◆ Work task: Starting at the top of the records below, write out each line exactly as it stands, stopping after the line with "Phoenix flying bird"; exclude the pictures.
*** Opening Available data ***
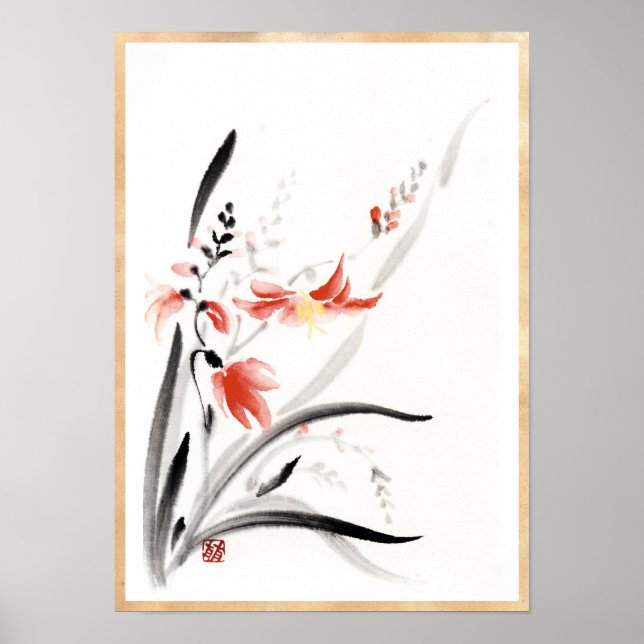 Chinese Oriental Classic sumi-e ink flowers paint Poster (Front)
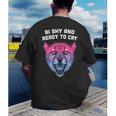 Bi Shy And Ready To Cry Bisexual Introvert Bi Pride Men's Back Print T-Shirt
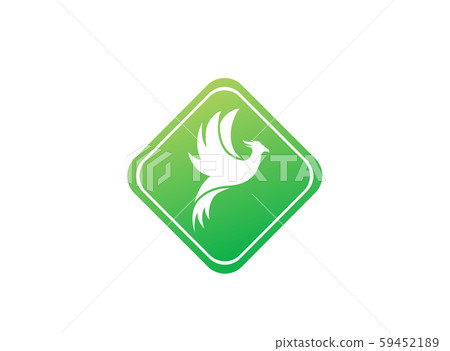Phoenix flying bird and eagle open wings Logo 59452189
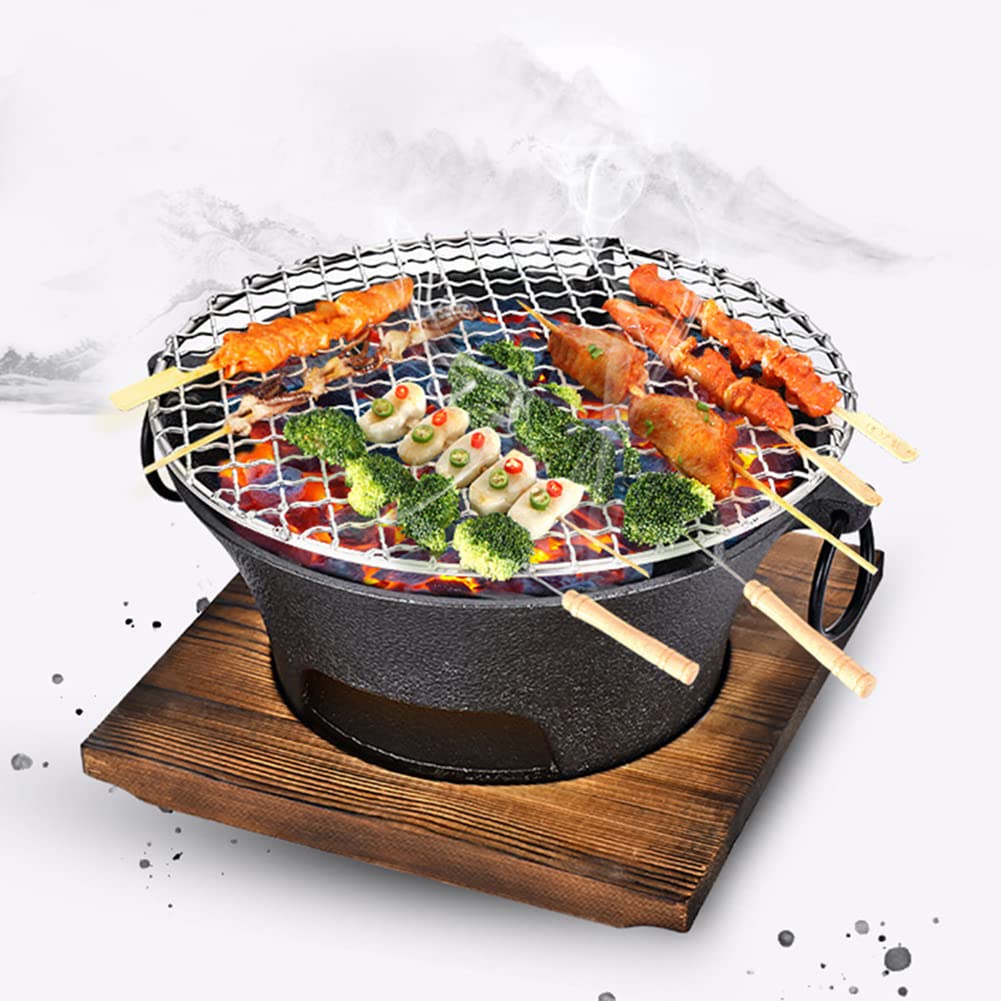 Horno de carbón, estufa de carbón de hierro fundido, placa de cocina con 1 clip y 2 tazas, horno de parrilla para barbacoa para interiores y exteriores
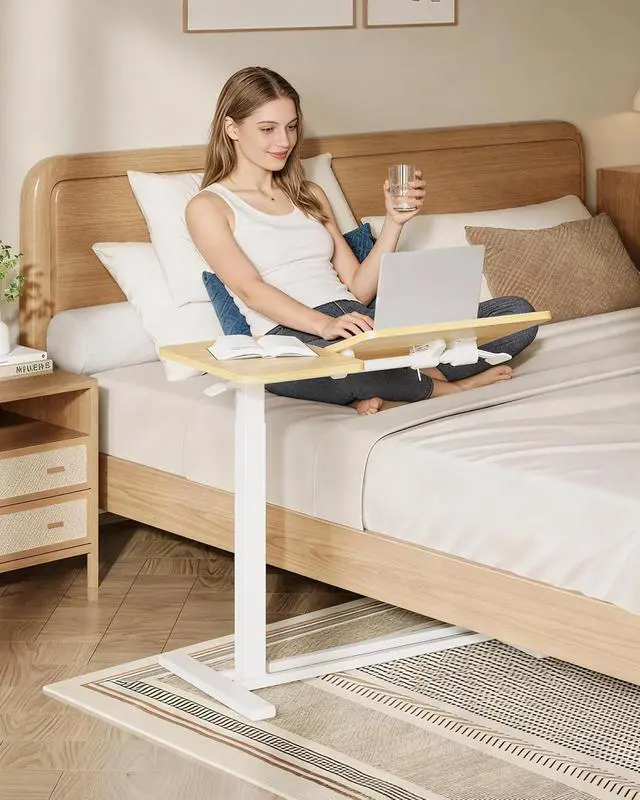 Alt view image 2 of 7 - Small Rolling Overbed Table Adjustable Height with Wheels, Mobile Laptop Desk with Tilting Desktop, Portable Computer Workstation for Home Office, Classroom, Bedside, Maple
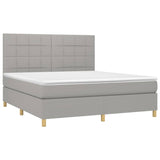 Sommier à lattes de lit avec matelas Gris clair 180x200cm Tissu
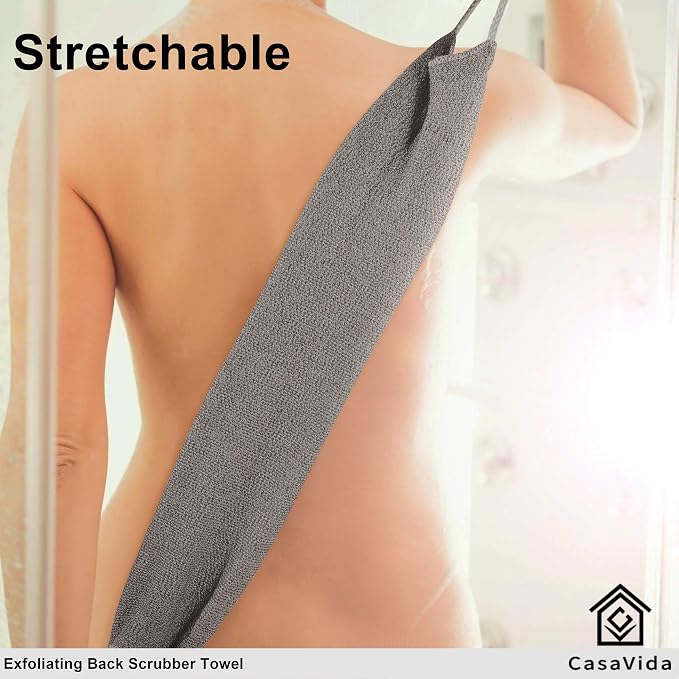 Exfoliating Back Scrubber for Shower, Pink + Wine Red, 2 Pack | Nylon Bath Towel Washer, Exfoliating Washcloth, Japanese Stretchable Strap, Body Exfoliation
*** Closing Available data ***
◆ The answer:
 Chinese Oriental Classic sumi-e ink flowers paint Poster (Front)
 Bi Shy And Ready To Cry Bisexual Introvert Bi Pride Men's Back Print T-Shirt
Phoenix flying bird and eagle open wings Logo 59452189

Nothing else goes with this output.